Am Donnerstag war bekannt geworden, dass im Juni 2018 an 268.336 Kinder, die außerhalb von Deutschland leben, Kindergeld gezahlt wurde. Das ist ein Anstieg um 10,4 Prozent im Vergleich zu Ende 2017 und ein neuer Rekordwert. Zu Missbrauch kam es aber den Angaben der Bundesagentur für Arbeit zufolge kaum. Gleichwohl wurden in Wuppertal und Düsseldorf kürzlich bei der Kontrolle von 100 Verdachtsfällen 40 ungerechtfertigte Anträge gefunden. Auch deswegen soll es künftig Fahndungen geben. Eine Sprecherin der Bundesagentur sagte jedoch, dass solche Zahlen bei dem künftigen deutschlandweiten Verfahren nicht zu erwarten seien. Die Oberbürgermeister mehrerer Kommunen, darunter Duisburg, klagen seit geraumer Zeit über Betrügereien bei staatlichen Leistungen durch ausländische EU-Bürger.

Der politische Umgang damit könnte unterschiedlicher aber kaum sein. Während der parlamentarische Geschäftsführer der CSU im Bundestag, Stefan Müller, von „zügellosen Kindergeldtransfers“ ins Ausland sprach, warnten die Abgeordneten der SPD im Europaparlament vor Pauschalisierungen. „Wir sollten aufpassen, dass wir EU-Bürger, die in Deutschland arbeiten und Steuern zahlen, nicht in Kollektivhaft nehmen, weil eine kleine Gruppe von Menschen das deutsche Sozialsystem missbraucht“, sagte SPD-Gruppenchef Jens Geier in Brüssel, forderte jedoch auch entschlossenes Vorgehen gegen den Missbrauch des Sozialsystems.

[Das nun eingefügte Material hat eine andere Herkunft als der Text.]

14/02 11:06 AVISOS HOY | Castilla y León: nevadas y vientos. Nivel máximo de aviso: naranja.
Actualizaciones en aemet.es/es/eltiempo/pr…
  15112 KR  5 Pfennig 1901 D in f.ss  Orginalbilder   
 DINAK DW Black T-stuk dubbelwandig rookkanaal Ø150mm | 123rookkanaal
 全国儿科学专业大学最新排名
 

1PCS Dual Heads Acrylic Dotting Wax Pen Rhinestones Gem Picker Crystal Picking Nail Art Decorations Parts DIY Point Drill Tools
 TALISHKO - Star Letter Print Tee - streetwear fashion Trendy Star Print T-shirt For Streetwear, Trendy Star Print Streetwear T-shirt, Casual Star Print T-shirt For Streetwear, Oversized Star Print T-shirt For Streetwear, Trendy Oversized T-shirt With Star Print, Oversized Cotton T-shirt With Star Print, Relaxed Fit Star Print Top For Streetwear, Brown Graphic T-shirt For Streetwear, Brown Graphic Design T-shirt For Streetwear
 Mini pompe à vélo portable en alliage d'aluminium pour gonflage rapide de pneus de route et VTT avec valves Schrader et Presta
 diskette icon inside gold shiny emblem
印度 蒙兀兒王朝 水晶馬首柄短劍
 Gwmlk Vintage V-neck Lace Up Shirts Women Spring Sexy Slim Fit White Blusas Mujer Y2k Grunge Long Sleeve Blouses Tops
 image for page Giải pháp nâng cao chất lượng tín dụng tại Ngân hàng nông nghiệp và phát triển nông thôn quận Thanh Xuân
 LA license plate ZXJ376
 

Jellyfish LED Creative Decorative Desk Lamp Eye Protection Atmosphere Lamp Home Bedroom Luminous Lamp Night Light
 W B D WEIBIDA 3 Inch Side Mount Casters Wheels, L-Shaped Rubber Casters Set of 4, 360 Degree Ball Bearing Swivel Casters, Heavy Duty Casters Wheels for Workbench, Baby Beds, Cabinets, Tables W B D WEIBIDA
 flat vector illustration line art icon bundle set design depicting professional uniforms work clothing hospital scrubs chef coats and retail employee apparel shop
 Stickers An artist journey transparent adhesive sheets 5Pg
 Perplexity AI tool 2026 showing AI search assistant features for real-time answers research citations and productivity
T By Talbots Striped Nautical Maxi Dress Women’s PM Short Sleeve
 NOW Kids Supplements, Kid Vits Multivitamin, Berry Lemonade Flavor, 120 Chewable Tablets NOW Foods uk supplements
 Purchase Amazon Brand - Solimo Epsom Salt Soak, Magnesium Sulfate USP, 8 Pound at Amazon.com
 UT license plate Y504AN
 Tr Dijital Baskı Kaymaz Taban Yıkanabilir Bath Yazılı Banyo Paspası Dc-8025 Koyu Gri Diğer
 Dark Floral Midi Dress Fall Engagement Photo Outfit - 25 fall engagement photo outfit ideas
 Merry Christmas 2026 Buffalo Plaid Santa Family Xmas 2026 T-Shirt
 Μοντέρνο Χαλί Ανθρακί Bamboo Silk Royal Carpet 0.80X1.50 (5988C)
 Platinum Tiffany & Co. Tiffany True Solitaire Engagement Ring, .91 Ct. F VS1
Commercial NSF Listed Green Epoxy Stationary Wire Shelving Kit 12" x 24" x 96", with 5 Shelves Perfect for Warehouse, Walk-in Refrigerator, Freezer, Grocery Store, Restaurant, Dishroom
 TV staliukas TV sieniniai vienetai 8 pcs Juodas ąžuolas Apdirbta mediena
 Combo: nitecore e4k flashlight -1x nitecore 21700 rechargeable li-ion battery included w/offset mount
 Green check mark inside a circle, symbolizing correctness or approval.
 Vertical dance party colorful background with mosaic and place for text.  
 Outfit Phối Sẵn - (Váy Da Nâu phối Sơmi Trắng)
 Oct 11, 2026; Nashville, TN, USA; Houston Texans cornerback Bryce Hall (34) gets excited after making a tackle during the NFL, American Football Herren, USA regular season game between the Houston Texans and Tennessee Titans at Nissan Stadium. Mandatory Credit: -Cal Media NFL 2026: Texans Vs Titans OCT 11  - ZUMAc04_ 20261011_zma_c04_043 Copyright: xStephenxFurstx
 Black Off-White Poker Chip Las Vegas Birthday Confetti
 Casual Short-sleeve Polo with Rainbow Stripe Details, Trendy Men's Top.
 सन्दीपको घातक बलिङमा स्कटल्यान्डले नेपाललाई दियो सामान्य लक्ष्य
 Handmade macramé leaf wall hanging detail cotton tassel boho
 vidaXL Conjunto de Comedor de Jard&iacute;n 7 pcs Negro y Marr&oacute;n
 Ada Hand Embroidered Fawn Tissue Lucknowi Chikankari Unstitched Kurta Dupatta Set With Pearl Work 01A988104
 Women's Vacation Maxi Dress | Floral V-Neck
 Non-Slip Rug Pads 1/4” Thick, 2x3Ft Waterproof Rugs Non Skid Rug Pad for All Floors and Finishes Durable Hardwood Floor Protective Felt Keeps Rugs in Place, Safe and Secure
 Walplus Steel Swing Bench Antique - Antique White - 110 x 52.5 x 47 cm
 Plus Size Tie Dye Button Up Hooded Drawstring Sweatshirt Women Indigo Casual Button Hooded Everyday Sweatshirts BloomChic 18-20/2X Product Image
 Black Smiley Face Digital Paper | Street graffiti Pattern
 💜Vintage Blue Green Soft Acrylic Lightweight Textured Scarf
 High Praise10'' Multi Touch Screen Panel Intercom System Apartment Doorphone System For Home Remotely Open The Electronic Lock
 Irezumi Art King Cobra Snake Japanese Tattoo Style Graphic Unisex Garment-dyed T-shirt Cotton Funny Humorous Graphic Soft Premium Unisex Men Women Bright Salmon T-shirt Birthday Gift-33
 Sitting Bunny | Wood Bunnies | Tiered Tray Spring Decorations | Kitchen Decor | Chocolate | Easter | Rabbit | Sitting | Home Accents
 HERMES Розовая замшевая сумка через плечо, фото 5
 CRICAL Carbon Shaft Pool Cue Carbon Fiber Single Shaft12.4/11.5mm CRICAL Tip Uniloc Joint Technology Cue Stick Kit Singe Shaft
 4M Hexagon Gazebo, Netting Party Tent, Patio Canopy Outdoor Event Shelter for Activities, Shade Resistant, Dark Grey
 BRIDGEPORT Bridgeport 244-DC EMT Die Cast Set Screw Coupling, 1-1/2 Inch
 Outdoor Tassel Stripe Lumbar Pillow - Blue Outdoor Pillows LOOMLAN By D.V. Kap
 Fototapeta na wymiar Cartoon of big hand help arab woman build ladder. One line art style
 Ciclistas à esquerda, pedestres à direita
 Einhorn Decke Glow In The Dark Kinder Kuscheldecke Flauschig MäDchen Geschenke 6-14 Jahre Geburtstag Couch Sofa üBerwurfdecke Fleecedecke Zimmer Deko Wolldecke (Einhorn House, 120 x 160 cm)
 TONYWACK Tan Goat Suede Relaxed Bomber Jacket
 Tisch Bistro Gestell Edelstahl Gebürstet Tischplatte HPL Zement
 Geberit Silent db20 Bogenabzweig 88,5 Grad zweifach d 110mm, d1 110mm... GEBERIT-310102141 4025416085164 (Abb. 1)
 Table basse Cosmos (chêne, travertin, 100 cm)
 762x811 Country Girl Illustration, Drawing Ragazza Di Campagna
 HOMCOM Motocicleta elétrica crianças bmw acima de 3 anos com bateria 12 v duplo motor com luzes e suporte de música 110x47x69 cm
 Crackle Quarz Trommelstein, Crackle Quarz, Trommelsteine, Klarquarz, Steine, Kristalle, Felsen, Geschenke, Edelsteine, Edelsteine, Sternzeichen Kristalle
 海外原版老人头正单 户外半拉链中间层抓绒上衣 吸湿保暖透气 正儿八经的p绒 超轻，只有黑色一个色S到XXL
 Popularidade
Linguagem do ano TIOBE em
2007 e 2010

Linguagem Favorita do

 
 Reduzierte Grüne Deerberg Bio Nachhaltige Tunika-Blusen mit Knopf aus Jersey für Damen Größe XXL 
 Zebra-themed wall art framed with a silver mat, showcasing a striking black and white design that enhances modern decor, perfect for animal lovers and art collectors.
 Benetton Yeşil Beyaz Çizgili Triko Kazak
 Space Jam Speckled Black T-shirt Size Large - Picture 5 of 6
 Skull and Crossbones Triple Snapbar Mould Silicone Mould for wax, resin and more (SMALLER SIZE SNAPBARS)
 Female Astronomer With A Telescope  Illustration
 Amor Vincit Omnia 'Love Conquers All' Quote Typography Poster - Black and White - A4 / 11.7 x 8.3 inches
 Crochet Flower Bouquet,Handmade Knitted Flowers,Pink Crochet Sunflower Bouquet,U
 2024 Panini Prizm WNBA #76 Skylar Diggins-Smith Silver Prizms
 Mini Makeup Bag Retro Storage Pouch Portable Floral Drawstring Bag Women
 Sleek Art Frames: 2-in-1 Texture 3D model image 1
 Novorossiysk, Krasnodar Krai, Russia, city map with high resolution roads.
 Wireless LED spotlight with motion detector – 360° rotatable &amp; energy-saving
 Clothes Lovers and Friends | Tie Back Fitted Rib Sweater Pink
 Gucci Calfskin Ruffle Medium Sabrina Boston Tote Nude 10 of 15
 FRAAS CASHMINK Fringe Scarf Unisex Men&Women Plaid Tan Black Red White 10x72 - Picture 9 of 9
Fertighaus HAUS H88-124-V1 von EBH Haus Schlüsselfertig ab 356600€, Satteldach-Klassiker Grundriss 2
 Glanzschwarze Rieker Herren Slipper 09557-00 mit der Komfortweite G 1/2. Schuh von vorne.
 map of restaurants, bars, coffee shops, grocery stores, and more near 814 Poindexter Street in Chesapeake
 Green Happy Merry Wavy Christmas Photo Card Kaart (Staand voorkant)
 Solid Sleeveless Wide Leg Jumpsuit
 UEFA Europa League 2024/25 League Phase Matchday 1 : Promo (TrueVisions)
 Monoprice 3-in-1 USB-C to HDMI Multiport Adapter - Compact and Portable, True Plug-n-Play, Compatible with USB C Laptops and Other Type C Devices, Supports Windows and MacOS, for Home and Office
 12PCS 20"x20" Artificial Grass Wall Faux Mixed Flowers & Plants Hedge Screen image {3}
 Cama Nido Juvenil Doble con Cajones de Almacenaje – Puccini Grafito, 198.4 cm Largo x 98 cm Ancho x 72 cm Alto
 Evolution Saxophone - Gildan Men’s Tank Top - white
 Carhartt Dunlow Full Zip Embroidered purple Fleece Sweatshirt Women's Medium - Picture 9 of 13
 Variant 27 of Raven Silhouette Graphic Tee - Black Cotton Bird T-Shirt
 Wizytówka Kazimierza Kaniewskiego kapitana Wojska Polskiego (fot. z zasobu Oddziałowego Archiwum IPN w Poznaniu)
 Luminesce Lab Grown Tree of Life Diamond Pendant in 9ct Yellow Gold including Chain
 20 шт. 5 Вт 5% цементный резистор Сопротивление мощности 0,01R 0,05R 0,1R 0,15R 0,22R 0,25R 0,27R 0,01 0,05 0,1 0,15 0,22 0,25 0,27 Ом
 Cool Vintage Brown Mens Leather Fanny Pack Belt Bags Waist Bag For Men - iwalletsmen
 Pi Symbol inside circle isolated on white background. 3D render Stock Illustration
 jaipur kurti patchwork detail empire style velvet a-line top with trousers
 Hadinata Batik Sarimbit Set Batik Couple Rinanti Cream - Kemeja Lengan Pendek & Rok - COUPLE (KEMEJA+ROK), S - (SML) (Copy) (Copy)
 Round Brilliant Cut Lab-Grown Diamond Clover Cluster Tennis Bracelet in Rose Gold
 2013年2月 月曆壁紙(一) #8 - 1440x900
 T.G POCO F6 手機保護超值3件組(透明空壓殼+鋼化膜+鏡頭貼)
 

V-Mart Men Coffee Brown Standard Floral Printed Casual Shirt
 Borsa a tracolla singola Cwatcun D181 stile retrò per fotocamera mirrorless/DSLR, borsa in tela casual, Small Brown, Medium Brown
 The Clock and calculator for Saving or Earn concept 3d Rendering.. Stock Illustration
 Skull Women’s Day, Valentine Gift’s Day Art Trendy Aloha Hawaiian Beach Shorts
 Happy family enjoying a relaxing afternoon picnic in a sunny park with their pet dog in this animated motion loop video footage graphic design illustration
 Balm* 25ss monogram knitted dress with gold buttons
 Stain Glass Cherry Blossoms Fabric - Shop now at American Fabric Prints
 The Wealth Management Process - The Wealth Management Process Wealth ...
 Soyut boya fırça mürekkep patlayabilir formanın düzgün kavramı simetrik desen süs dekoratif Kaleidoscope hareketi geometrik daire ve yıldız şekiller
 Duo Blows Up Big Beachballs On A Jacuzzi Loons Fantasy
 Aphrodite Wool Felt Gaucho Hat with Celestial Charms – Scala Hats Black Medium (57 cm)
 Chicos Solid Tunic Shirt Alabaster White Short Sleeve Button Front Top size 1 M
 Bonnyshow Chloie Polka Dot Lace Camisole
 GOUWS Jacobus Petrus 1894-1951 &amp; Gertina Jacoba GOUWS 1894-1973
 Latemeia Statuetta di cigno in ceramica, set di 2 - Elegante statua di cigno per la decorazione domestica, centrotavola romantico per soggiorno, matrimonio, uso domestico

Dabei ist zwischen Kindergeld und dem Missbrauch bei anderen Sozialleistungen wie Hartz IV zu unterscheiden, insbesondere mit Blick auf die Ansprüche. Denn laut Bundesregierung haben alle EU-Bürger, die in Deutschland leben, Anspruch auf Kindergeld für jedes minderjährige Kind in ihrem Haushalt. Das gilt auch dann, wenn sie keiner Tätigkeit nachgehen. Wer Kindergeld für Kinder im Ausland bekommen möchte, muss eine Anstellung oder selbstständige Tätigkeit in Deutschland nachweisen.